● **The data**:
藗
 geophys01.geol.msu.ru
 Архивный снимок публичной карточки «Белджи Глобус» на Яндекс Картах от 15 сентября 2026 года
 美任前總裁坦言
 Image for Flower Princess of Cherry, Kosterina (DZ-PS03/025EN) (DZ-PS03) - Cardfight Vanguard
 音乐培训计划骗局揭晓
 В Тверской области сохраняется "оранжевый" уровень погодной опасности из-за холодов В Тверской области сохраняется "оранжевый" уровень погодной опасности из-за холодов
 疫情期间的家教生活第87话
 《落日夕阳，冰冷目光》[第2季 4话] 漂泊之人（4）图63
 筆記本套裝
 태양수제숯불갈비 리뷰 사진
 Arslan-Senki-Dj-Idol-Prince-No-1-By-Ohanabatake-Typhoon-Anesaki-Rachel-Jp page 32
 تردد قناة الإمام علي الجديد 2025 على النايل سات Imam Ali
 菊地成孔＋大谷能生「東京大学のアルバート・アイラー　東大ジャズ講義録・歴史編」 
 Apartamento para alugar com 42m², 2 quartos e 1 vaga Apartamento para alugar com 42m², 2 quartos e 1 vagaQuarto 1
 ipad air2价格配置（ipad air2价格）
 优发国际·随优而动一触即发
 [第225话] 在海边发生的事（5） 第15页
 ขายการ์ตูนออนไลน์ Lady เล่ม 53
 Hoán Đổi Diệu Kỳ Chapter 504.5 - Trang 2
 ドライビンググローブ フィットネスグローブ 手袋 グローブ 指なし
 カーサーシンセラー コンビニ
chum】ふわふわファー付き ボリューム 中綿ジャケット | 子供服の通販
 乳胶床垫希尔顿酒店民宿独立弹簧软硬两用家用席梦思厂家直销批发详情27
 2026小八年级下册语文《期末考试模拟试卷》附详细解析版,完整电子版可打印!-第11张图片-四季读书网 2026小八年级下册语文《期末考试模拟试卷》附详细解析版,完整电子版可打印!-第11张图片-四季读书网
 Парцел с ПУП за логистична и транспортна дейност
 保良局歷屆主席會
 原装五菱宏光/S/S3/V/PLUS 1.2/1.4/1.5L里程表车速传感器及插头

● **Task**:
Your output should start at the line containing "из-за холодов В" and stop at the last line of the material, copied exactly, with nothing else.

● **Exercise solution**:
 В Тверской области сохраняется "оранжевый" уровень погодной опасности из-за холодов В Тверской области сохраняется "оранжевый" уровень погодной опасности из-за холодов
 疫情期间的家教生活第87话
 《落日夕阳，冰冷目光》[第2季 4话] 漂泊之人（4）图63
 筆記本套裝
 태양수제숯불갈비 리뷰 사진
 Arslan-Senki-Dj-Idol-Prince-No-1-By-Ohanabatake-Typhoon-Anesaki-Rachel-Jp page 32
 تردد قناة الإمام علي الجديد 2025 على النايل سات Imam Ali
 菊地成孔＋大谷能生「東京大学のアルバート・アイラー　東大ジャズ講義録・歴史編」 
 Apartamento para alugar com 42m², 2 quartos e 1 vaga Apartamento para alugar com 42m², 2 quartos e 1 vagaQuarto 1
 ipad air2价格配置（ipad air2价格）
 优发国际·随优而动一触即发
 [第225话] 在海边发生的事（5） 第15页
 ขายการ์ตูนออนไลน์ Lady เล่ม 53
 Hoán Đổi Diệu Kỳ Chapter 504.5 - Trang 2
 ドライビンググローブ フィットネスグローブ 手袋 グローブ 指なし
 カーサーシンセラー コンビニ
chum】ふわふわファー付き ボリューム 中綿ジャケット | 子供服の通販
 乳胶床垫希尔顿酒店民宿独立弹簧软硬两用家用席梦思厂家直销批发详情27
 2026小八年级下册语文《期末考试模拟试卷》附详细解析版,完整电子版可打印!-第11张图片-四季读书网 2026小八年级下册语文《期末考试模拟试卷》附详细解析版,完整电子版可打印!-第11张图片-四季读书网
 Парцел с ПУП за логистична и транспортна дейност
 保良局歷屆主席會
 原装五菱宏光/S/S3/V/PLUS 1.2/1.4/1.5L里程表车速传感器及插头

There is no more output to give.